Wednesday 22 June 2016

Butterflies and Hurricanes

Life is Strange is a triumph, a game that really absorbs you into the setting and has a rich detailed story with strong character development. The game feels indebted to the works of Telltale Games and Quantic Dream, however it manages to forge its own path with its tone, its time travelling mechanism and its pace.  It is important to note from the start that this is not a game about time travel. The power is really just a tool here, something that is used to explore characters and situations in an compelling and unique way. The choices you make have a huge impact on the unfolding story, and the ability to rewind and make a different decision makes you soon realise how branching and tangled things quickly can become. Nothing is black and white. It is not a game for someone who is indecisive.

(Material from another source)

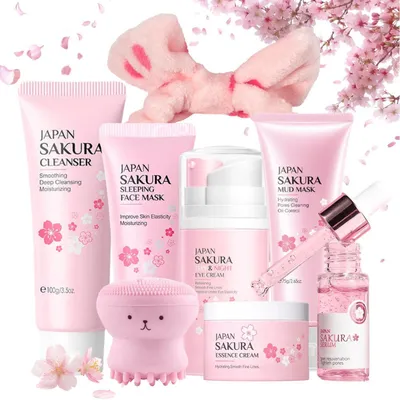 Produktbild von Hautpflege Set Damen Feuchtigkeitsspendend mit Reiniger, Serum, Augencreme 8-teilig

The focus on decision-making and relationships means that there are few frustrating game mechanics that you usually find in this kind of story-driven adventure games. The item retrieval moments are kept mostly to a needless bottle hunt in a junkyard. The puzzles that fall your way tend to be engaging, all due to the clever use of the time travel mechanic in solving them.

I found myself thinking a lot about Last of Us and the first season of Telltale's Walking Dead as I played Life is Strange, the way the game makes you really buy into the world and care about the characters. However this story revolves around the bond of friendship, rather than the protective parental relationships explored in the aforementioned games. Max and Chloe friendship is not perfect and riddled with difficulties, but there is a deeper love that unites them. Whilst Max tries to act the hero and use her power for good, it soon becomes apparent that it is impossible for a human being to truly shape and bend destiny to their will.

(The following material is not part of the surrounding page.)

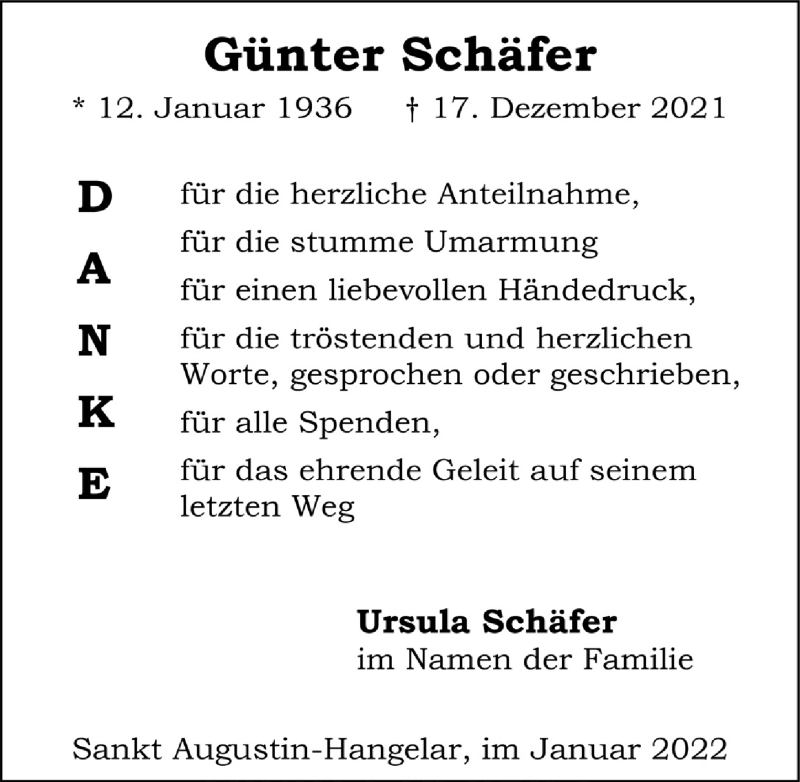  Traueranzeige für Günter Schäfer vom 28.01.2022 aus  Extra Blatt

The only misstep I felt was the Alan Wake-y stealth section in the final episode, but I can see why the section was needed otherwise it would have been just a simple walk from point A to B. There had to be something difficult to overcome when the stakes were so high at the end.

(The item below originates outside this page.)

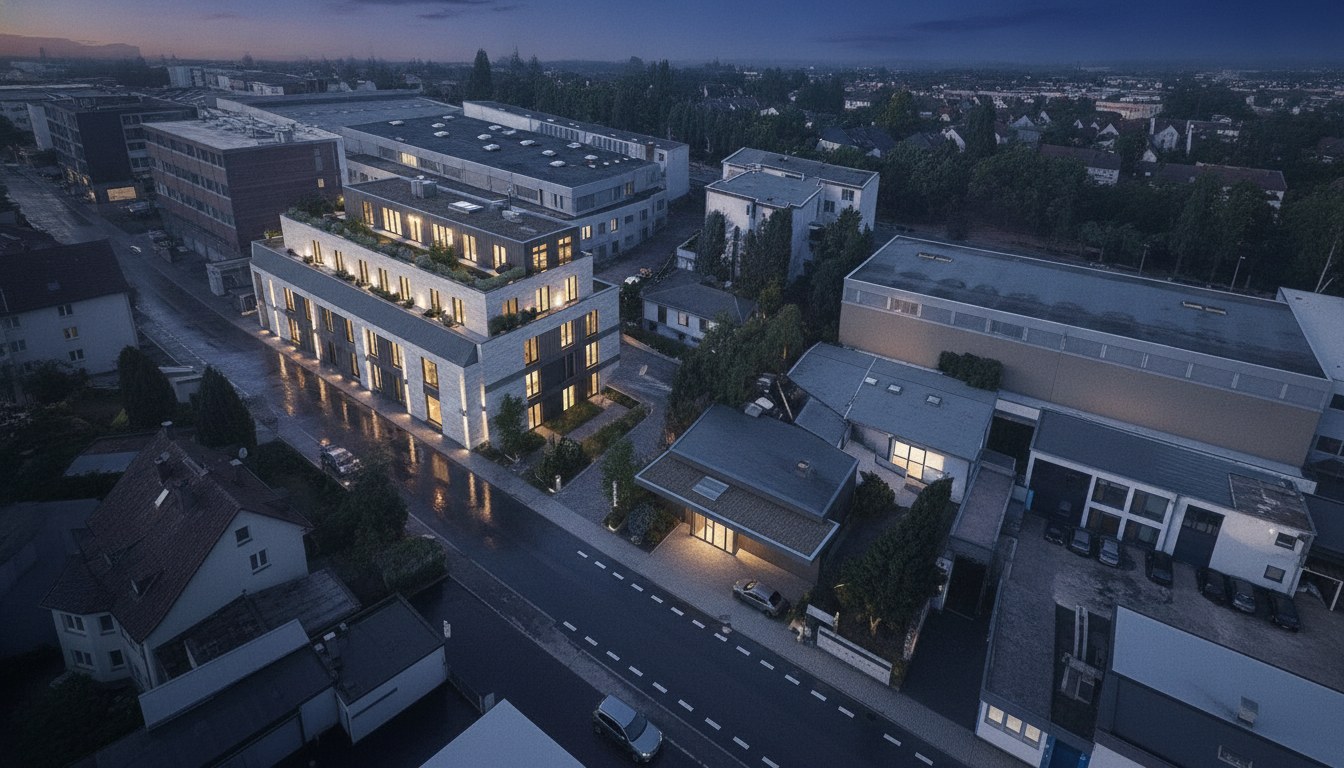 Conversion-Konzept im Bestand — blaue Stunde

Dontnod Entertainment should be commended for a fantastic achievement, Life is Strange is a thrilling and thoughtful game that makes great use of an interesting time travel mechanic. Praise must also be given to the voice actors who really made the characters live, in particular Hannah Telle as Max who managed to reflect inner strength and courage with a subtle and powerful performance.

PS - I really dug how the barn in episode 4 had a real Friday the 13th Part 3 feel!

Monday 13 June 2016

Fez Ending

I loved Fez from the first moment I glimpsed eyes on it. Seldom have I been so completely sold on a game. It never could do any wrong in my eyes. And on every step of the way it managed to confound, surprise and delight me – always surpassing my already lofty expectations. Fez has two layers; one an ingenious platform experience and the other a challenging lesson in cryptography.  

! - Just a little warning of spoilers from here on - !

I finally decided to complete Fez recently, I had not found all of its secrets but it felt I had come as far as I could without resorting to some challenging code cracking. The ending had such an impact on me, it was like the videogame equivalent of the end of 2001: A Space Odyssey.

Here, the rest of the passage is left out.